Say I have two arrays:
说我有两个数组:
let arrayOne = ["Hi", "Hi", "Hello", "Not Hey", "Howdy", "Hi"]
let arrayTwo = ["Hi", "Hello", "Hey", "Not Howdy", "Hi", "Hi"]
and I have this for loop that gets the percent similarity of the doubles:
我有这个for循环,它获得双打的百分比相似性:
var matches = 0
for (index, item) in enumerate(arrayOne) {
if item == arrayTwo[index] {
matches++
}
}
However, what if those arrays are longer and I want data points of those similarities instead of one single calculation. What kind of a function could I write where it takes the first 5 elements off the array, returns their similarity with the for loop, and moves on to the next 5? ie. it would be a function that takes two string arrays and returns an array of doubles. I am sure this is a simple question but I do not know how to approach taking 5 array elements at a time and then returning an array of doubles (like data points the the string array similarities).
但是,如果那些数组更长并且我想要那些相似性的数据点而不是一次计算,那该怎么办呢?我可以编写什么样的函数来从数组中取出前5个元素,返回它们与for循环的相似性,然后继续下一个5?即。它将是一个函数,它接受两个字符串数组并返回一个双精度数组。我确信这是一个简单的问题,但我不知道如何一次获取5个数组元素,然后返回一个双精度数组(如数据点,字符串数组的相似之处)。
3 个解决方案
#1
1
Take a look at this. I think it does what you are asking. By introducing a count variable to keep track of the number of items you have processed, you will know when to update your counts array:
看看这个。我认为它符合您的要求。通过引入计数变量来跟踪已处理的项目数,您将知道何时更新计数数组:
var matches = 0
let arrayOne = ["Hi", "Hi", "Hello", "Not Hey", "Howdy", "Hi", "a", "b", "c"]
let arrayTwo = ["Hi", "Hello", "Hey", "Not Howdy", "Hi", "Hi", "a", "B", "C"]
var count = 0
var counts:[Int] = []
for (index, item) in enumerate(arrayOne) {
if item == arrayTwo[index] {
matches++
}
// Have we done 5? If so, time to update counts array
if ++count == 5 {
counts.append(matches)
count = 0
matches = 0
}
}
// If we didn't have 5, just append the matches for the remaining items
if count > 0 {
counts.append(matches)
}
println(counts) // prints "[1, 2]"
#2
4
I’m not clear quite what you’re asking, however, you might find playing around with zip, map, and reduce helpful.
我不太清楚你在问什么,但是,你可能会发现玩拉链,地图和减少有用。
For example, you could rewrite your original loop like this (assuming Swift 2.0, you’d have to rearrange slightly for 1.2):
例如,您可以像这样重写原始循环(假设Swift 2.0,您必须稍微重新排列1.2):
zip(arrayOne, arrayTwo).reduce(0) { $0 + ($1.0 == $1.1 ? 1 : 0) }
// returns 4
zip creates a new sequence of the pairs of elements at each corresponding position.
zip在每个相应位置创建元素对的新序列。
reduce takes a starting value, then keeps a running value by applying a function to the current value and the next value in the sequence – bearing in mind this is a sequence of pair elements, you want to add 1 when they are the same, 0 when they aren’t.

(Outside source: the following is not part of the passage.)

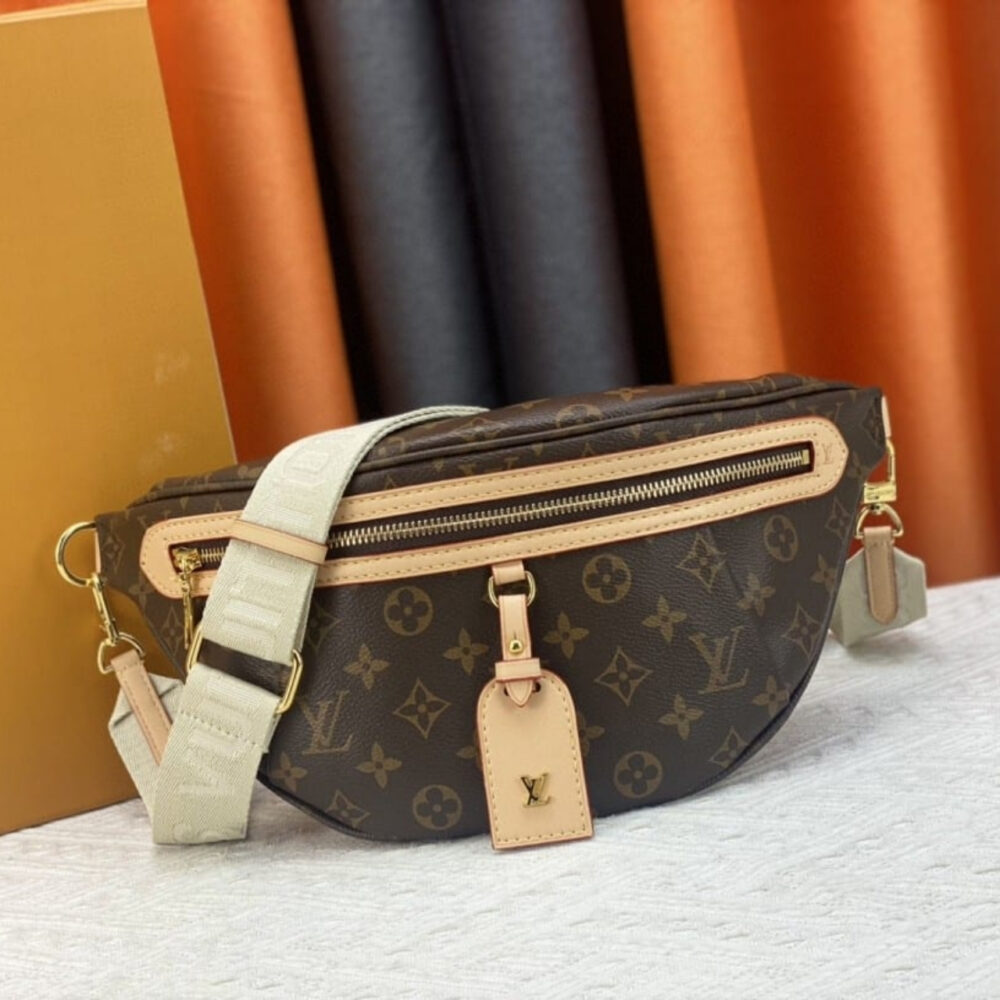 Alternative view of Louis Vuitton High Rise BumBag 38cm M46784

This then gives you a count of the positions where both match.
reduce取一个起始值,然后通过将函数应用于当前值和序列中的下一个值来保持运行值 - 记住这是一对对元素,你想在它们相同时加1,0当他们不是。然后,它会计算两者匹配的位置。
If instead you wanted an array, with true representing a match at that point, and false if different, you could use map:
如果您想要一个数组,其中true代表该点的匹配,如果不同则为false,您可以使用map:
zip(arrayOne, arrayTwo).map(==)
// returns [true, false, false, false, false, true]
If on the other hand you wanted a list of the differences in string length between the two strings at each position, you could change it to:
另一方面,如果您想要每个位置的两个字符串之间的字符串长度差异列表,您可以将其更改为:
zip(arrayOne, arrayTwo).map { (a,b) in
a.characters.count - b.characters.count
}
// returns [0, -3, 2, -2, 3, 0]
As some have suggested, Set might help, e.g.:
正如一些人所说,Set可能有所帮助,例如:
let commonElements = Set(arrayOne).intersect(arrayTwo)
// returns strings present in both e.g. {"Hi", "Hello”}
This is a good approach if you are OK treating your data as a set i.e. order doesn’t matter and duplicates can be ignored. If order and dupes do matter, you probably have to stick with arrays.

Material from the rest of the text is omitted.